Underlining that there is no such legal obligation, Dikmen stated that censorship may be related to the discriminatory decision of the Advertising Board of the Ministry of Commerce:
"So why would they do it? Their decision to take this step is probably related to the homophobic decision of the Ministry of Trade's Advertisement Board, which was passed with the signatures from the representatives of the Turkish Medical Association, Turkish Bar Association, Turkish Dental Association, Turkish Pharmacists Association in 2020. That homophobic decision was: 'Rainbow-themed products in the digital platforms harm children's moral development. Therefore, websites that sell the product have to bring +18 label to these products.' But of course I insist that there was no legal basis for that homophobic decision, which was signed by the Turkish Medical Association, Turkish Bar Association, Turkish Dental Association, Turkish Pharmacists Association. That decision had no basis in the Turkish Commercial Code, the Law on Consumer Protection or any other legislation. Unlawful, homophobic, hateful; It was a decision that promoted the climate of hate in Turkey and opened up new spaces for hate. Presumably, this company was also affected by such increased LGBTI+phobic winds, making such a decision even though the law did not force them in any way. This problem is not just the concern of LGBTI+'s in Turkey, but a global problem concerning LGBTI+'s in all countries where this game is played. Again, there is no law in Turkey that forces companies to make these decisions."
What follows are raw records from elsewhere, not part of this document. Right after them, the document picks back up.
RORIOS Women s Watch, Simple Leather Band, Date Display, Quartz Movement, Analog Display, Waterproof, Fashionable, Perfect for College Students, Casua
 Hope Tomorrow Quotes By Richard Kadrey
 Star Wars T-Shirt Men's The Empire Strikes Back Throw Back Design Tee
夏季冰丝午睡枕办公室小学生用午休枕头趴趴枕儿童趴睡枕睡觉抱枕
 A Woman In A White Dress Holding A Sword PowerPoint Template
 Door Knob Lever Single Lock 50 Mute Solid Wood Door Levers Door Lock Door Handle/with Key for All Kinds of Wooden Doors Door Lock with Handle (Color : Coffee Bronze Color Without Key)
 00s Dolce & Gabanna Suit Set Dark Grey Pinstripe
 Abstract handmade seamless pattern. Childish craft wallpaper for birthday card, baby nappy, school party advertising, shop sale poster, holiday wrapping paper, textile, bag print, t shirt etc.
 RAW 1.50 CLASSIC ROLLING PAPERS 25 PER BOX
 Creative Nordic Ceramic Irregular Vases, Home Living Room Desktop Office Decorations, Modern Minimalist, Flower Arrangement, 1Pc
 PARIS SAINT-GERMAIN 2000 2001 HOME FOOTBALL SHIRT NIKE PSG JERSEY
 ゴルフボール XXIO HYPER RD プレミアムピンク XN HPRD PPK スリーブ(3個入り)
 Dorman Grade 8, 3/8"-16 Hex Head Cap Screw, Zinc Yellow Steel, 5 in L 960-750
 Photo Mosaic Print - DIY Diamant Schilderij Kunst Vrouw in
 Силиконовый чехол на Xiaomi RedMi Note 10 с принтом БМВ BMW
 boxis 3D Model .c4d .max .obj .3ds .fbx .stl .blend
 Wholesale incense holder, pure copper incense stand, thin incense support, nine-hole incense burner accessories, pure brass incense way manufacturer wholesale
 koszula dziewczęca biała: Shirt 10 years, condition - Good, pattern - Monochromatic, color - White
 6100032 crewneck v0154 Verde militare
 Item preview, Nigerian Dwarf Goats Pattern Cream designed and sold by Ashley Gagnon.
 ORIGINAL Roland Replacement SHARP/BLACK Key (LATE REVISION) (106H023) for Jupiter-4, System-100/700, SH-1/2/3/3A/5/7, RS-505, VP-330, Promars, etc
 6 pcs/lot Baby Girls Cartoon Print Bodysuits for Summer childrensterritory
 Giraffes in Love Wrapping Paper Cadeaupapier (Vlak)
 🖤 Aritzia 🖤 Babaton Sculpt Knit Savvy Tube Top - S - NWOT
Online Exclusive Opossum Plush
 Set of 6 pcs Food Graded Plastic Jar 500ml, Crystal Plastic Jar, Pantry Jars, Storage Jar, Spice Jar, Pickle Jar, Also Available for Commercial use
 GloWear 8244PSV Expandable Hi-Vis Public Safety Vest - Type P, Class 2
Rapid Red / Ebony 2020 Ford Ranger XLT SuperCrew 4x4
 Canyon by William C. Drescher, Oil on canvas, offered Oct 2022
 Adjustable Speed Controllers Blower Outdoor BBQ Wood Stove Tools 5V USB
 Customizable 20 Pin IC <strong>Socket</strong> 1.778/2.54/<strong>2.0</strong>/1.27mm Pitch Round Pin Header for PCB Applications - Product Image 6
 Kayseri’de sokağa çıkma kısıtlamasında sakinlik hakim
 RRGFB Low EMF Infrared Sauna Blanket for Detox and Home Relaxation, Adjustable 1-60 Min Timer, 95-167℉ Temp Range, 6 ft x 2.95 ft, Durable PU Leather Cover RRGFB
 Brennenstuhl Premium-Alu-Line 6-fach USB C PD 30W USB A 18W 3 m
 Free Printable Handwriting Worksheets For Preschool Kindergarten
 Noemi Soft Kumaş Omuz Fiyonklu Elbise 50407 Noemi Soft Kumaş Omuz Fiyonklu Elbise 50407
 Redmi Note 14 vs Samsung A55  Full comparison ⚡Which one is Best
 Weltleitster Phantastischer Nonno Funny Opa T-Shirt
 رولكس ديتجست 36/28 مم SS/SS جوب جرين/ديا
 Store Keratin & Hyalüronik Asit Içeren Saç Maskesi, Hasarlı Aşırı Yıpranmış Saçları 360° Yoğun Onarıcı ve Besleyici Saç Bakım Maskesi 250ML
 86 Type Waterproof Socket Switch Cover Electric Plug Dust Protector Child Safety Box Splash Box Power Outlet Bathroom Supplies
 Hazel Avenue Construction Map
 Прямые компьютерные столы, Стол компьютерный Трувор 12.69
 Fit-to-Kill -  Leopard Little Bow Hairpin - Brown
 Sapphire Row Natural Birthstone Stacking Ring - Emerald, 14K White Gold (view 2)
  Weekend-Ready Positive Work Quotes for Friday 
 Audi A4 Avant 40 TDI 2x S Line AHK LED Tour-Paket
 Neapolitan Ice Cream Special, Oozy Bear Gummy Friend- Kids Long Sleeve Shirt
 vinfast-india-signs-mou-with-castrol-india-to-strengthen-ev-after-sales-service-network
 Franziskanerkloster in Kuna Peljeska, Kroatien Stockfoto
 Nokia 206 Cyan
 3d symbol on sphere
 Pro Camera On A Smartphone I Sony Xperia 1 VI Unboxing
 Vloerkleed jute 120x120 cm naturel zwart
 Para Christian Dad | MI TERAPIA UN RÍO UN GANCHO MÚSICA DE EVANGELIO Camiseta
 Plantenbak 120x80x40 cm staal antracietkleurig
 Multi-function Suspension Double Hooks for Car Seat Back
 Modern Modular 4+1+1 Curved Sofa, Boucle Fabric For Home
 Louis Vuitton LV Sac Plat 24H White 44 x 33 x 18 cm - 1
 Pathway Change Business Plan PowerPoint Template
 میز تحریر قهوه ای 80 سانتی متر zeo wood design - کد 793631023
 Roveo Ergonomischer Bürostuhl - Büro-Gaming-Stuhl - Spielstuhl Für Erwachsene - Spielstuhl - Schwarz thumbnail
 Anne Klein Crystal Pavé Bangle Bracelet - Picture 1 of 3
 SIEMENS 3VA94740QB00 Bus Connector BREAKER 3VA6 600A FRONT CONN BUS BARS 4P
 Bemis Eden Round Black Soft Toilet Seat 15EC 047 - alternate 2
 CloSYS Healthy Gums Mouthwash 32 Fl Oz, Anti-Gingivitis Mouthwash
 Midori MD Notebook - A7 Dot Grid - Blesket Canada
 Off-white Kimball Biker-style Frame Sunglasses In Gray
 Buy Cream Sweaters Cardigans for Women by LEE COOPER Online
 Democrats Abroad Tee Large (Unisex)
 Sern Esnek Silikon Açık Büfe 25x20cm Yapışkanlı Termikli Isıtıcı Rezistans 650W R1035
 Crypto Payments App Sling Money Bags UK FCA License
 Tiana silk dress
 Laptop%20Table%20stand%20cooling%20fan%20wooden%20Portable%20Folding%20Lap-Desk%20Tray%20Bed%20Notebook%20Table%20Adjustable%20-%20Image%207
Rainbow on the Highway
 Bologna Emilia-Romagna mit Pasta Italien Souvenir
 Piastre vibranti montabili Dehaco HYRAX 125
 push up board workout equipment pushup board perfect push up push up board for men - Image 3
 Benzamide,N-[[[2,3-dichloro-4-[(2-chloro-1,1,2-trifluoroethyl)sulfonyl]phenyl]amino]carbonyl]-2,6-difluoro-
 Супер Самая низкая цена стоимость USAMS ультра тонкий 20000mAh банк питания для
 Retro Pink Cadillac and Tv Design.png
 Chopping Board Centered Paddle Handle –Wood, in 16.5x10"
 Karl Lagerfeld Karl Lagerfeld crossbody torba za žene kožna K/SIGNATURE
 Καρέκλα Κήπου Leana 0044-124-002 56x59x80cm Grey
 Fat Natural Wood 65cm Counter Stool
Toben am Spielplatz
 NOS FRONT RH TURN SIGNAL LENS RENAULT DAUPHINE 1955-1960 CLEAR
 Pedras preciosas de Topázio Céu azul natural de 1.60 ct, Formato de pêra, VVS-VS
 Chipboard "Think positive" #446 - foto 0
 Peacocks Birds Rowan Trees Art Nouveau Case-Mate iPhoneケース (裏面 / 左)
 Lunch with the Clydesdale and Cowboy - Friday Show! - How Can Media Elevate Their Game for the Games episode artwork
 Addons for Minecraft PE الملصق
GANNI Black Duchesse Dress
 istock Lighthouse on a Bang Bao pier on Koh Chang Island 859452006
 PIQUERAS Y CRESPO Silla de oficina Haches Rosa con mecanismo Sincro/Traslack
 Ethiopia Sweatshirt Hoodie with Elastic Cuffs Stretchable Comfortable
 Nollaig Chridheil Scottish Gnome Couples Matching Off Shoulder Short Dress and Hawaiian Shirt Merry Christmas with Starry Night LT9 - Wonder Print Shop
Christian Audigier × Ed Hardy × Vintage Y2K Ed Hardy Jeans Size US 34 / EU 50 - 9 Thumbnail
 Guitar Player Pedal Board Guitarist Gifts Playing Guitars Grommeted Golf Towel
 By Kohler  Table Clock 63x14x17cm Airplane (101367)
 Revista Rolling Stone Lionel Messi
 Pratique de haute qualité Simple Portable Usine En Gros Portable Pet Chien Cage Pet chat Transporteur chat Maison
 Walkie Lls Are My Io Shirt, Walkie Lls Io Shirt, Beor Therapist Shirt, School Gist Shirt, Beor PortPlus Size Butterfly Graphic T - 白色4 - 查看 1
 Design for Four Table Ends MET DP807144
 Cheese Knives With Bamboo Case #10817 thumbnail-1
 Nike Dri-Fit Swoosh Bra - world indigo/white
Bahadir Güven of Riot Games Turkey posted a flood on Twitter after the backlash about censorship. Güven said that all content that reached players is coming from the cooperation of head office and regional offices and those localization decisions were made together with the guidance of the legal department and head office according to the local rules.
While Güven was refraining from mentioning why the LGBTIQA+ was removed and what it had to do with localization, a report on Dot Esports revealed that the Riot Games responded to questions about the issue as, "in order to comply with local laws." However, it is not known exactly which "local laws" was the LGBTIQA+ censorship based on.
The game's official Turkey website announced the package developed last year with a note regarding the May 17, the International Day Against Homophobia, Biphobia, Interphobia and Transphobia.